**DATA FOR THE TASK:**

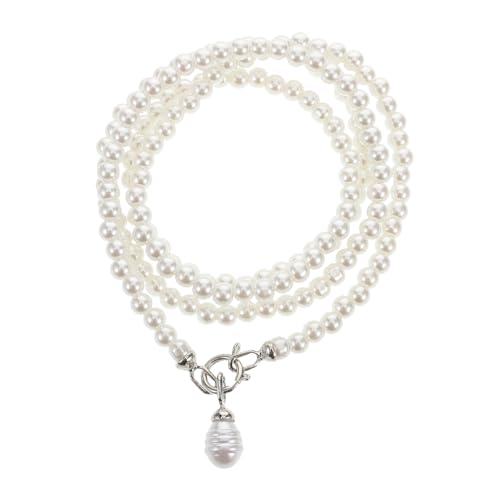 SHERCHPRY Perlen Handykette Crossbody Lanyard mit Abnehmbarer Metallkette Eleganter Nachahmung Perlen Schmuck für Damen Vielseitig Kombinierbar Stilvolles Handy Accessoire für Alltag und von SHERCHPRY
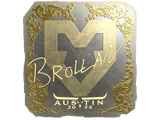 Artwork for Sticker | Brollan (Gold) | Austin 2025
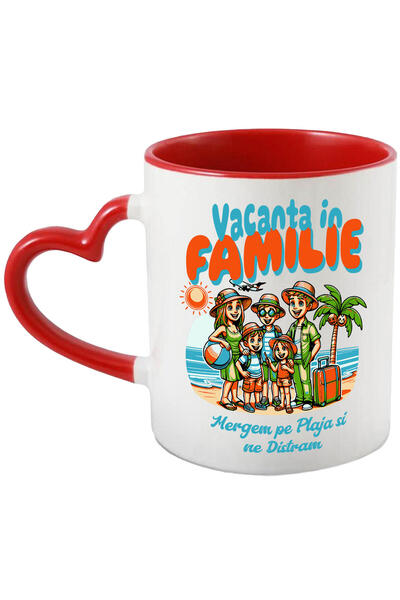 StoryGift Romania Cana cu Portret Familie In Vacanta Plaja Tropicala, Text Me...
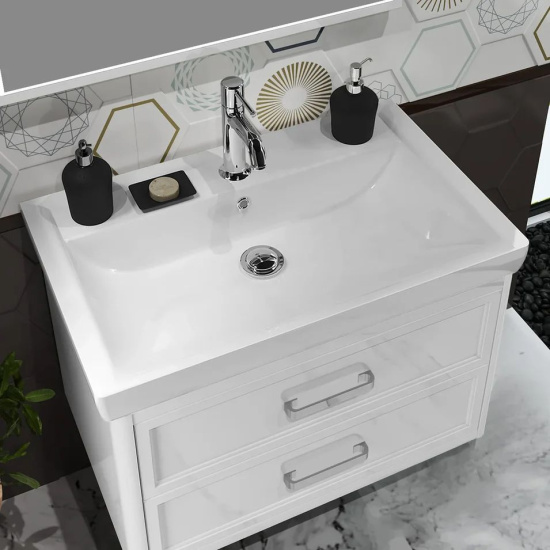 Мебель для ванной Opadiris Вегас 80 белая подвесная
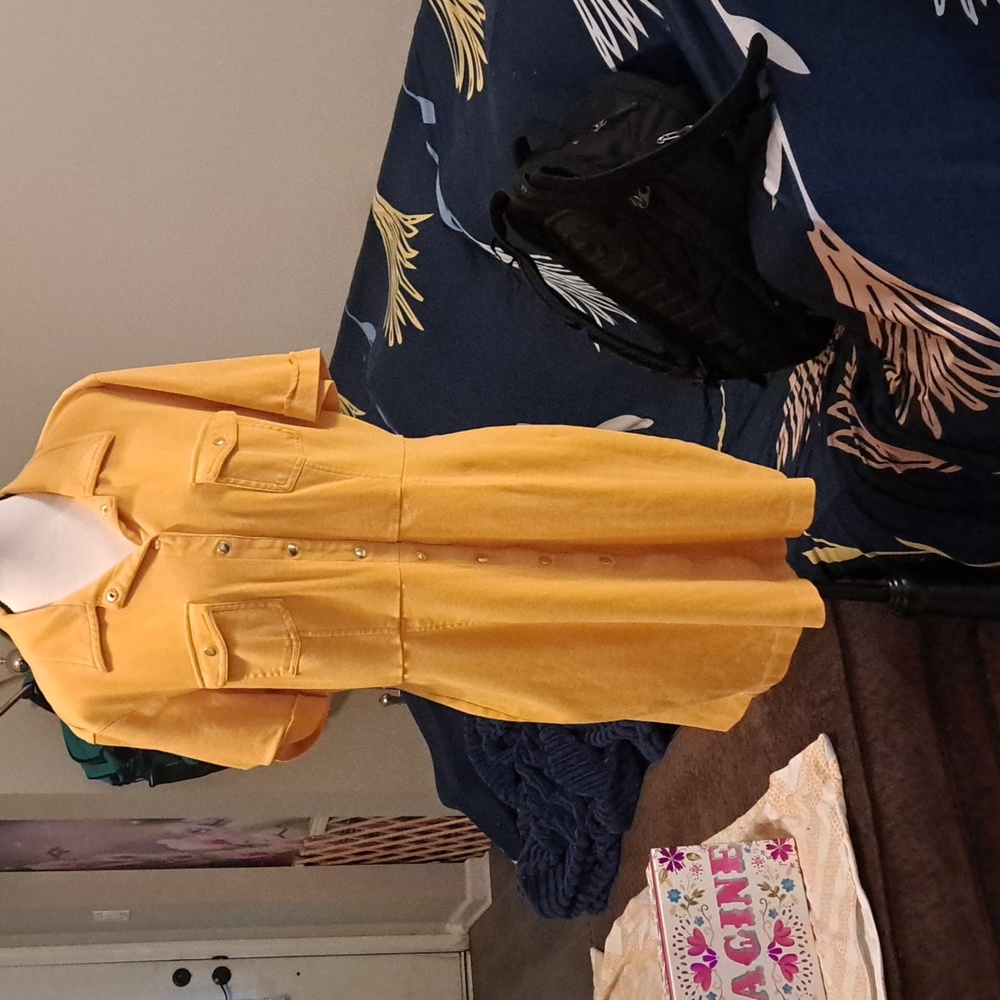 SNAP FRONT DRESS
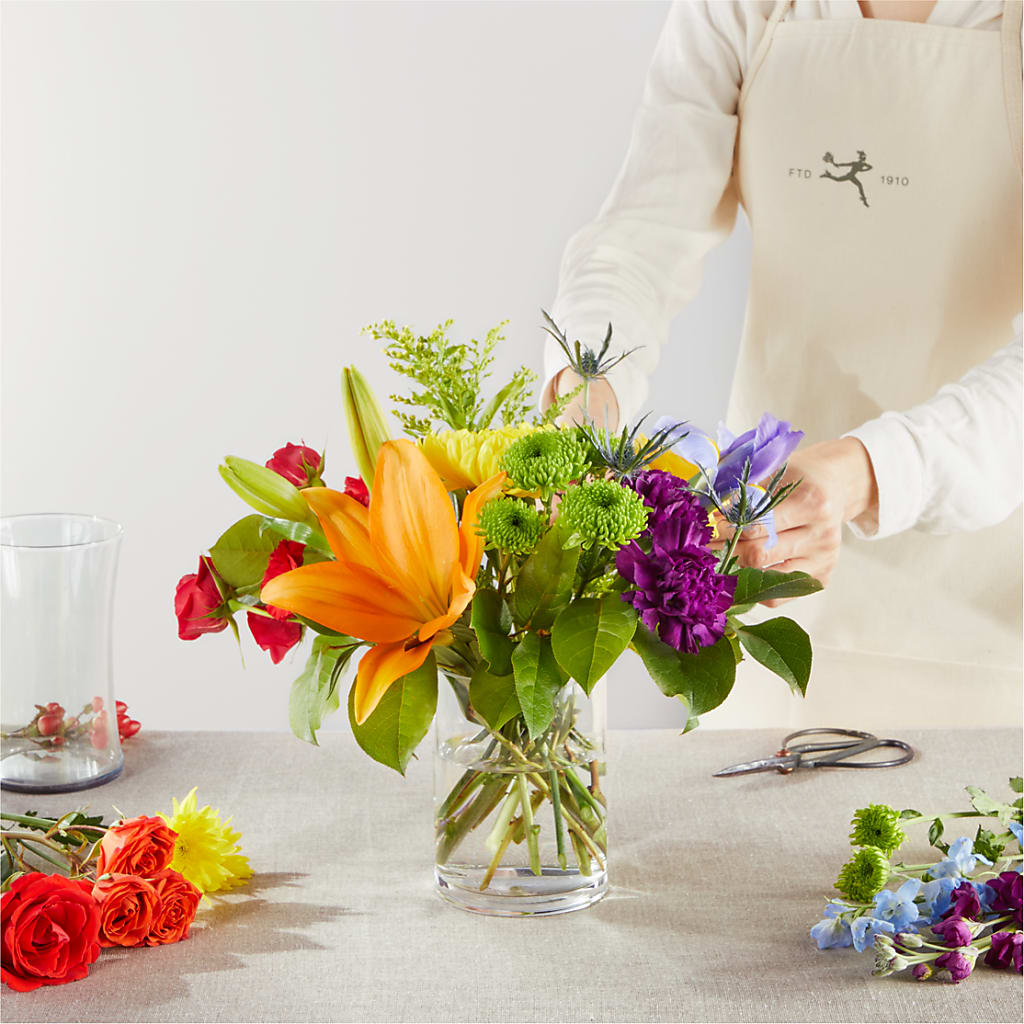 Summer Spectra - A Florist Original –  Greater Oklahoma City Flower Shop, Oklahoma City OK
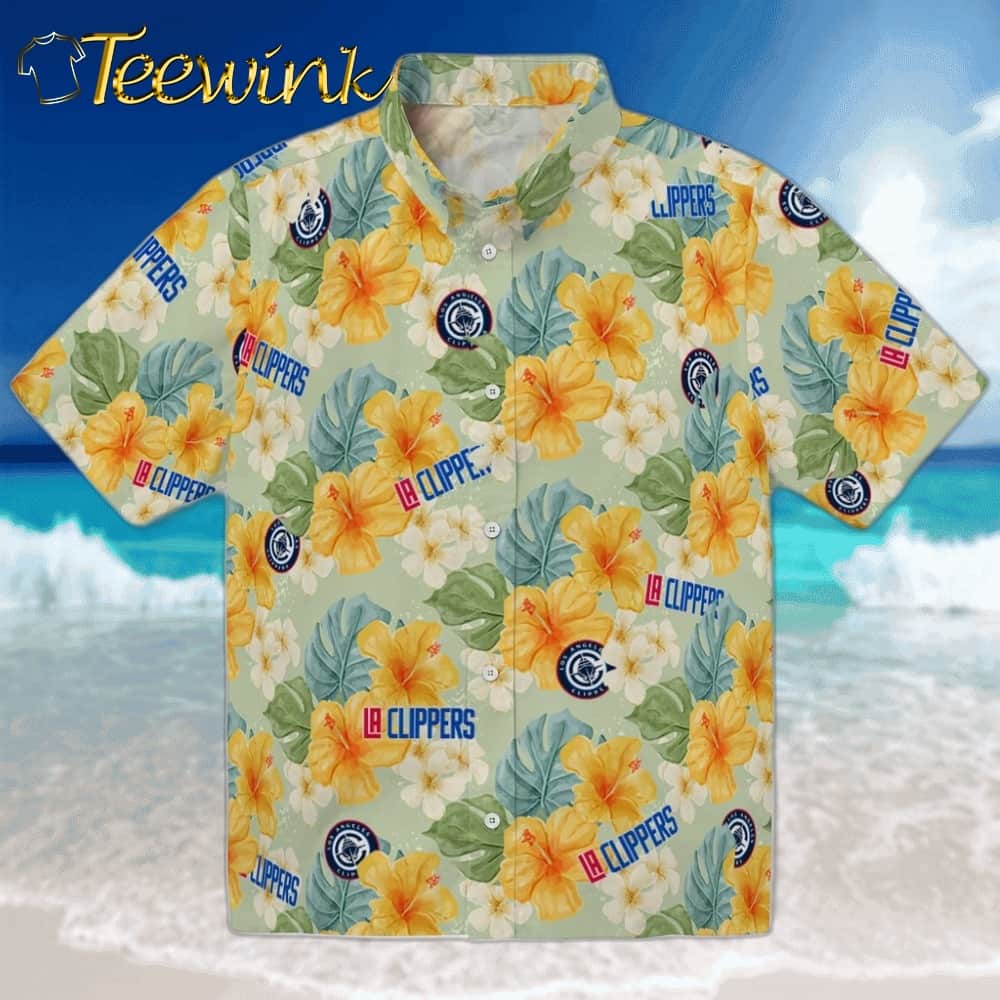 Hibiscus Mood Los Angeles Clippers Hawaiian Shirt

**TASK:** An exact restatement is expected of the lines from the line containing "Мебель для ванной" to the end of the data above, pictures excluded.

**SOLUTION FOR THIS TASK:**
 Мебель для ванной Opadiris Вегас 80 белая подвесная
 SNAP FRONT DRESS
 Summer Spectra - A Florist Original –  Greater Oklahoma City Flower Shop, Oklahoma City OK
 Hibiscus Mood Los Angeles Clippers Hawaiian Shirt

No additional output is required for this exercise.